Yucca Flat (1970) – A região de intensos testes nucleares fica em Nevada, a 65 km de Las Vegas. Em dezembro de 1970, um dispositivo de alta potência foi detonado no subsolo, mas provocou rachaduras, que resultaram em detritos radioativos na atmosfera. Cerca de 86 trabalhadores foram expostos à radiação. Não se sabe o que ocorreu com os funcionários. Atualmente desativada, a região recebeu seu último teste em 1992.

Rússia, abril de 1993 – Uma explosão na usina de reprocessamento de combustível irradiado em Tomsk-7, cidade secreta da Sibéria Ocidental, provocou a formação de uma nuvem e a projeção de matérias radioativas. O número de vítimas é desconhecido. A cidade, hoje chamada de Seversk, é fechada e só pode ser visitada a convite. Possui diversos reatores nucleares e indústrias químicas para separação, enriquecimento e reprocessamento de urânio e plutônio.

Japão, março de 1997 – A usina experimental de reprocessamento de Tokai (nordeste de Tóquio) foi parcialmente paralisada depois de um incêndio e de uma explosão que contaminou 37 pessoas, em um acidente ocorrido no dia 11 de março de 1997.

Japão, setembro de 1999 – A mesma usina voltou a ser palco de um novo acidente nuclear em 30 de setembro de 1999, devido a erro humano, provocando a morte de dois técnicos. Mais de 600 pessoas, funcionários e habitantes dos arredores, foram expostos à radiação e cerca de 320 mil pessoas foram evacuadas. Os dois técnicos haviam provocado uma reação nuclear descontrolada, Ao utilizar uma quantidade de urânio muito superior à prevista durante o processo de fabricação.

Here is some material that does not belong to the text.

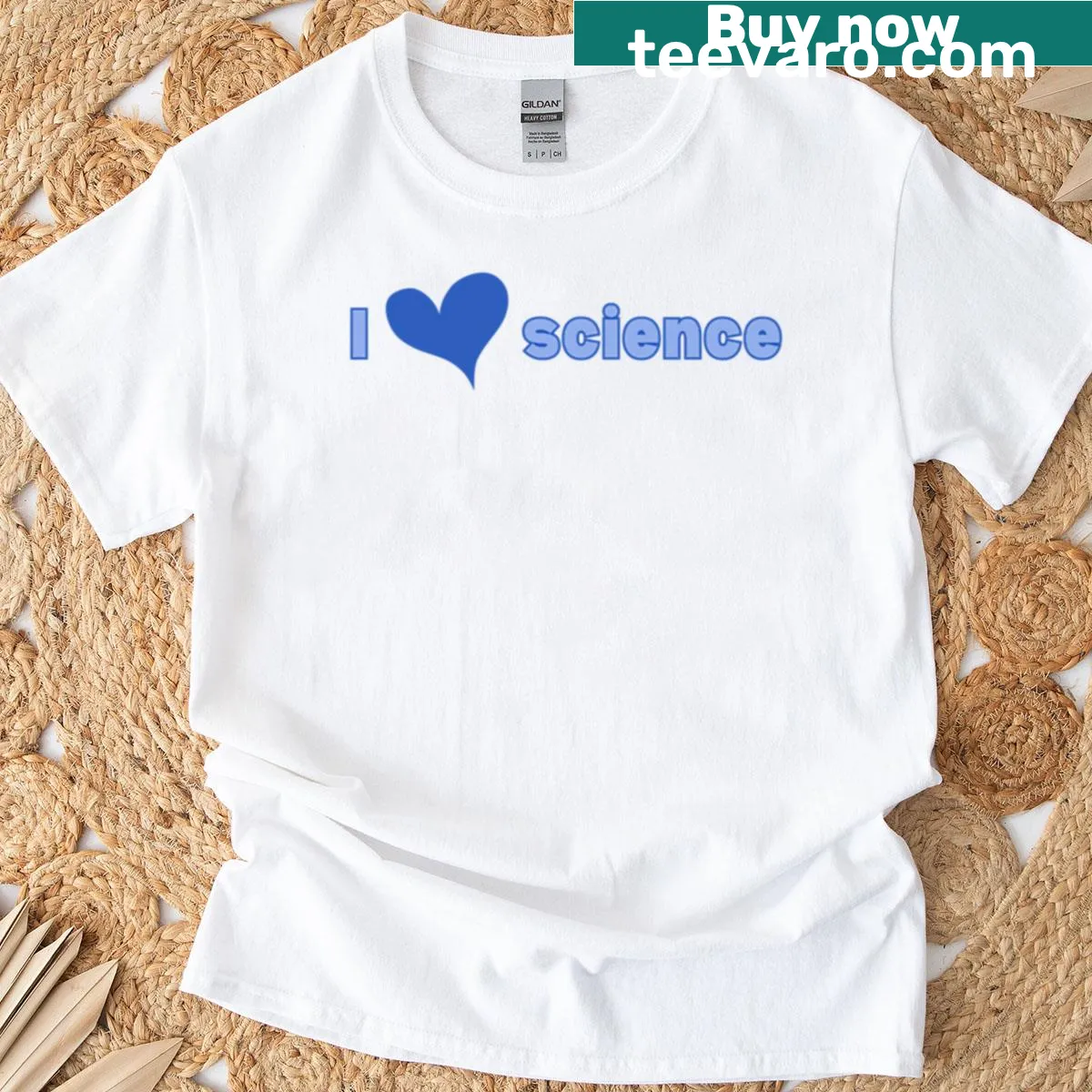 T-shirt featuring the phrase 'I Love Science' in bold letters — on a men's t-shirt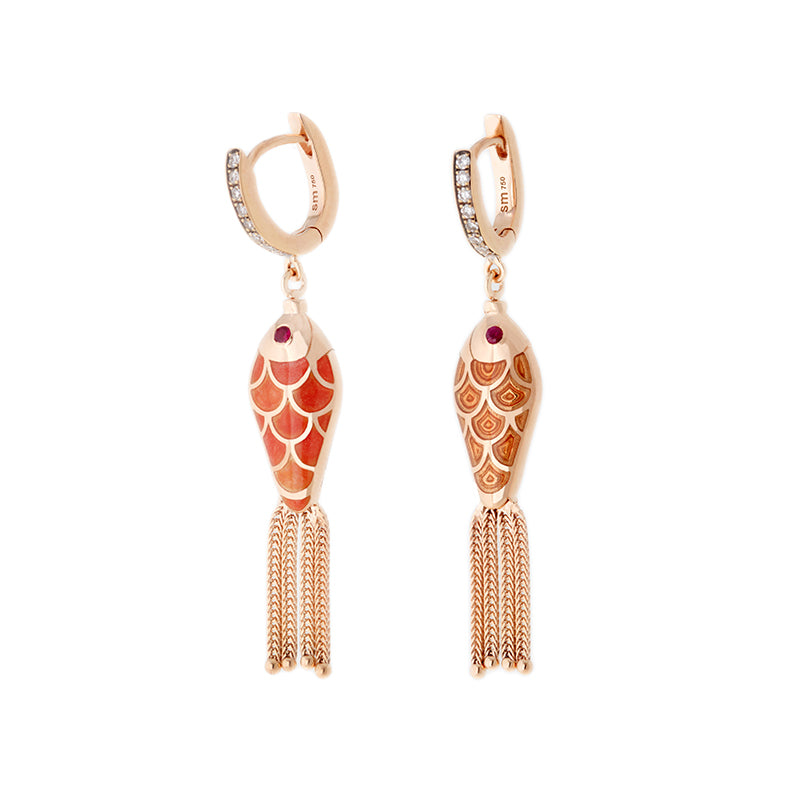 Fish For Love Boucle d'oreille - Diamants - Rubis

Japão, 9 de agosto de 2004 – Na usina nuclear de Mihama, a 320 quilômetros a oeste de Tóquio, um vapor não radioativo vazou por um encanamento que se rompeu em seguida, ao que parece, por uma grande corrosão, provocando a morte de cinco funcionários por queimaduras.

França, 23 de julho de 2008 – Durante uma operação de manutenção realizada em um dos reatores da usina nuclear de Tricastin, no sul da França, substâncias radioativas vazaram, contaminando muito levemente uma centena de empregados. Segundo autoridades francesas, as substâncias chegaram a atingir dois rios próximos ao local. Autoridades chegaram a proibir o consumo de água e a prática de pesca e esportes nos rios.

Japão, 12 de março de 2011 – O terremoto de 9 pontos da Escala Richter que atingiu o Japão em 11 de março, causou estragos na usina nuclear Daiichi, em Fukushima, cerca de 250 quilômetros ao norte de Tóquio. Explosões em três dos seis reatores da usina deixaram escapar radiação em níveis que se aproximam do preocupante, segundo as autoridades japonesas.O acidente foi classificado no nível 5 da escala internacional de eventos nucleares (INES) pelas autoridades japonesas.

Esses são só alguns dos maiores acidentes ocorridos com o uso da pacífica e limpa energia nuclear. Pesquise, aprenda, se posicione contra esta imbecilidade pela qual pagarão todos os nossos descendentes.